When you’re the big fish, it’s not OK to pick on the little fish just because you can.
That’s an important lesson for everyone. But some Houston first-graders got a particularly vivid demonstration in the form of a musical puppet show, which featured fish puppets and an underlying message about why it’s wrong to bully others.
The show left an impression on the students at Codwell Elementary, according to their teacher Shelea Bennett. “You felt like you were in that story,” she said. “By the end of the story they were able to answer why [bullying] wasn’t good, and why you shouldn’t act this way.”
The puppeteer’s show was part of an effort to expand arts education in Houston elementary and middle schools. Now, a new study shows that the initiative helped students in a few ways: boosting students’ compassion for their classmates, lowering discipline rates, and improving students’ scores on writing tests.
It’s just the latest study to find that giving students more access to the arts offers measurable benefits. And adding time for dance, theater, or visual arts isn’t at odds with traditional measures of academic success, according to the research — which amounts to one of the largest gold-standard studies on arts education ever conducted.
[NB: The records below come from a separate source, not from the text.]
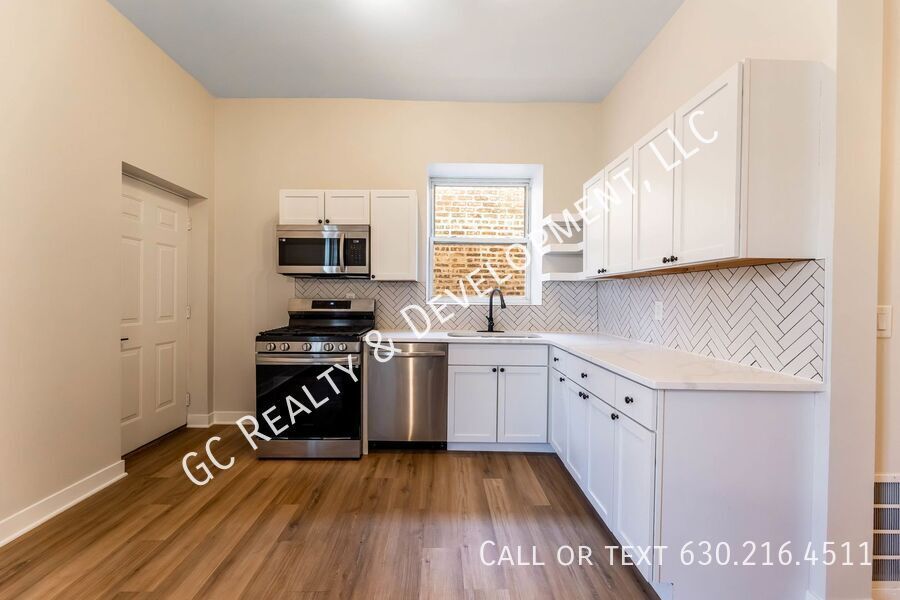 *** 3 BDRM - 1.5 BTH / RECENTLY UPDATED / 1800 SQFT / PET FRIENDLY / SNOW REMOVAL INCL *** property image
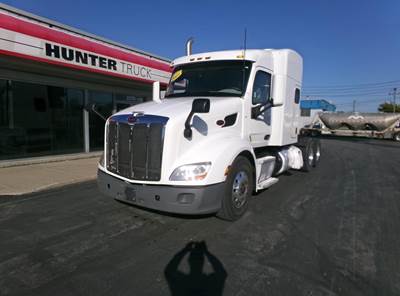 Peterbilt 579 Sleeper Semi Truck - 72" Raised Roof Sleeper, Cummins 450HP, 12 Speed Amt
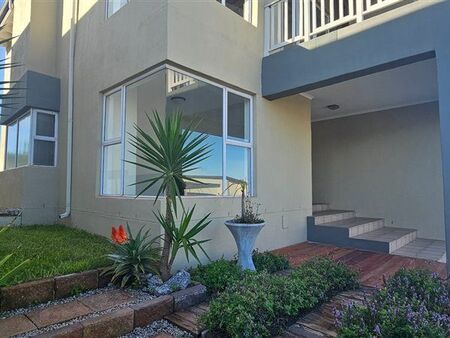 3 Bedroom House in Sunset Estate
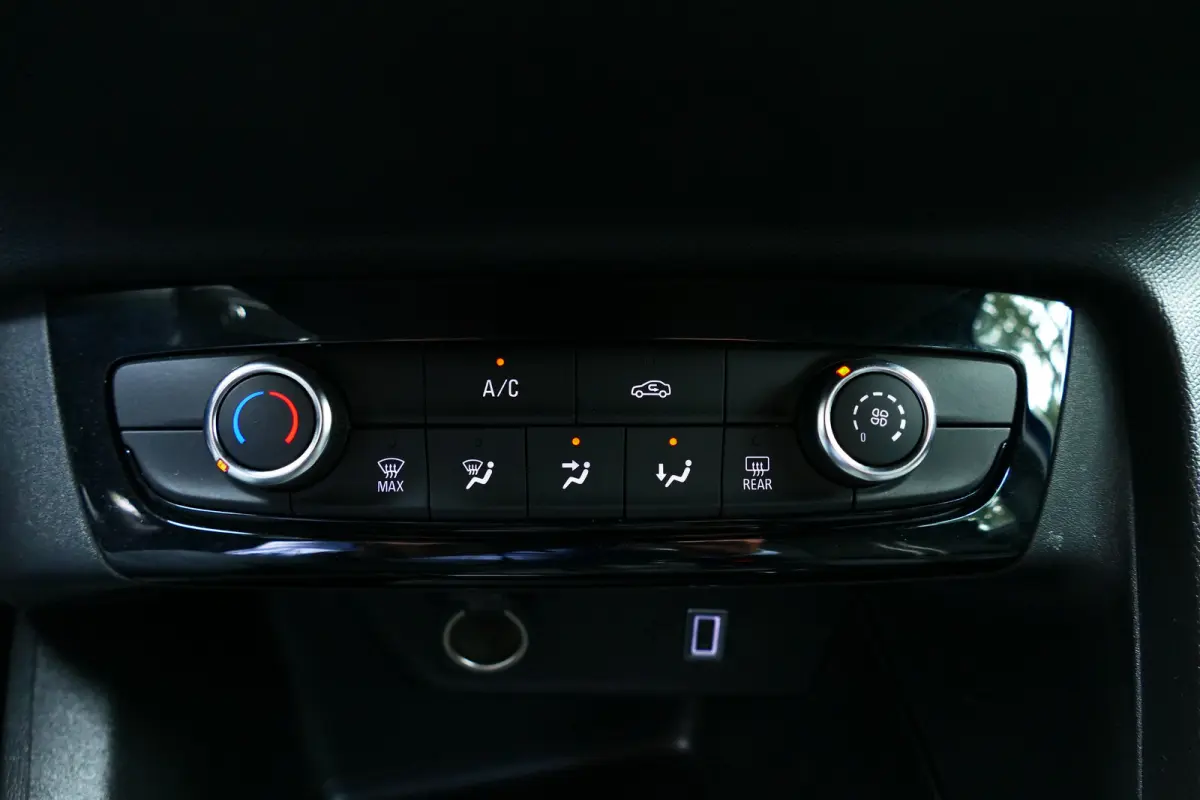 1.2 TURBO 100PK GS / CAMERA / LED / 17"LMV / NAVI / AIRCO / PDC / BLUETOOTH / CRUISECONTROL / 1E EIGENAAR / SCHITTERENDE STAAT !!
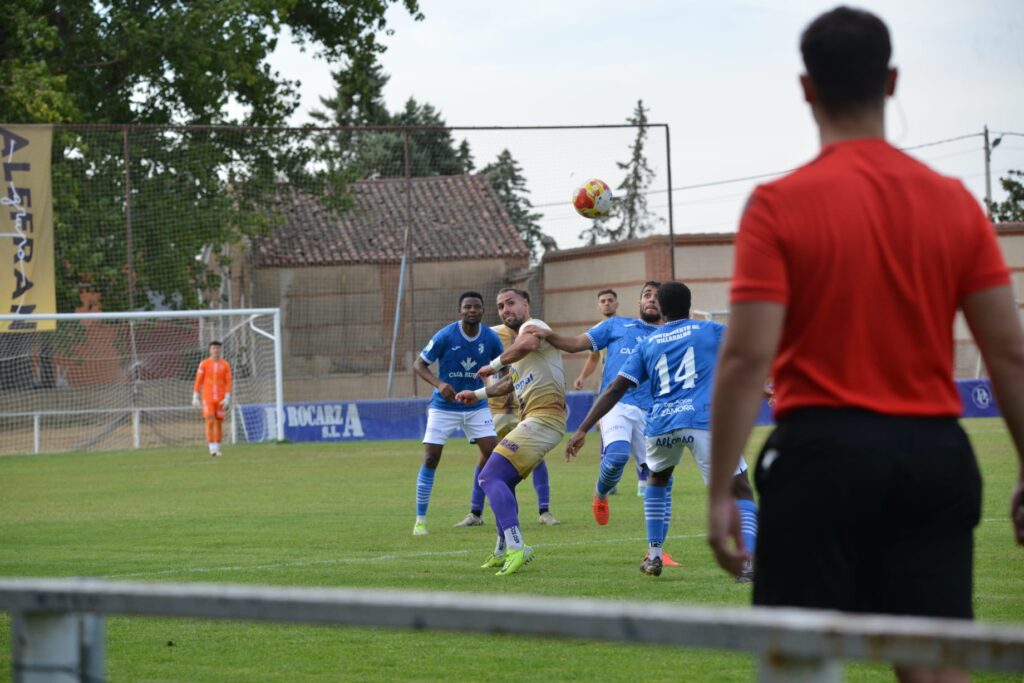 Villaralbo contra Palencia Cristo Atlético. Fotografía: Julio Robles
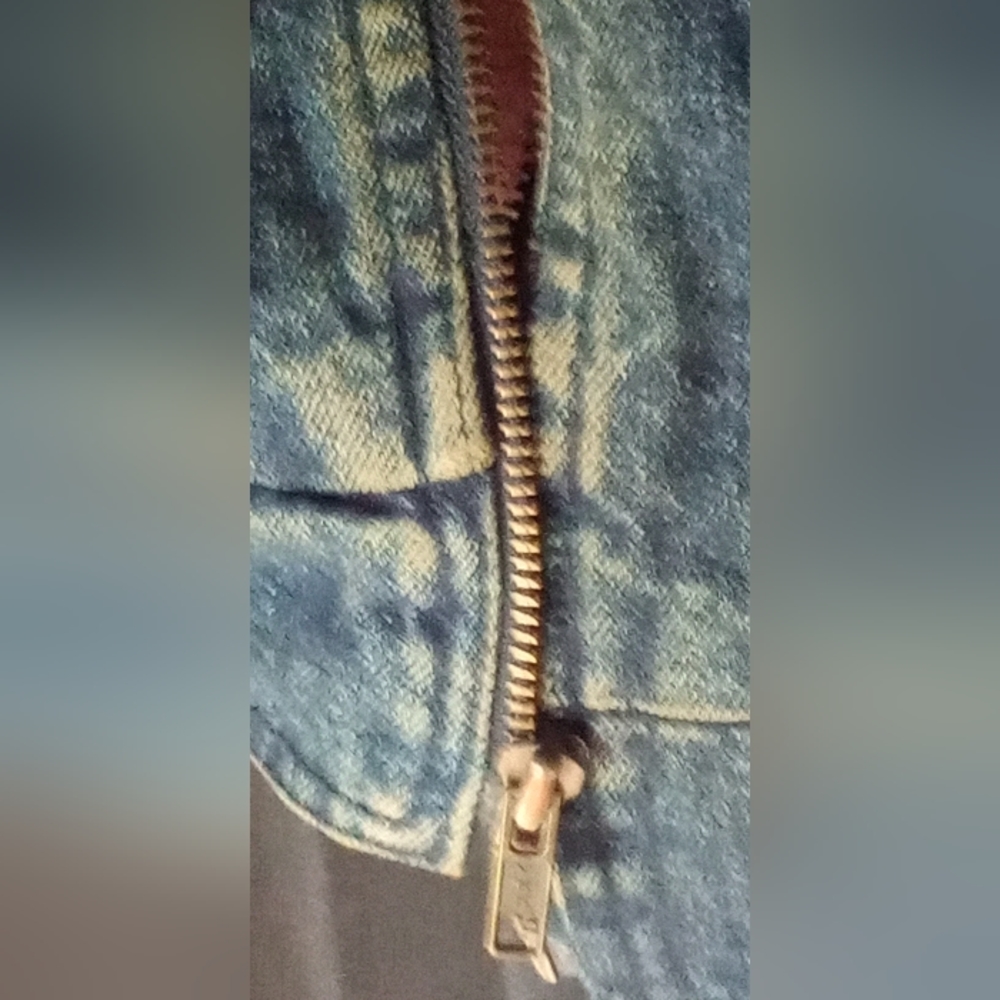 Jean jacket - Picture 2 of 3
The study, released Tuesday through the Houston Education Research Consortium, looked at elementary and middle schools — which predominantly served low-income students of color — that expressed interest in participating in Houston’s Arts Access Initiative. There appeared to be significant need: nearly a third of elementary and middle schools in the district reported lacking a full-time arts teacher.
The positive effects on writing test scores, discipline, and compassion were small to moderate. Students’ disciplinary infraction rates, for instance, fell by 3.6 percentage points. But these results are particularly encouraging because the cost to schools was fairly small — about $15 per student.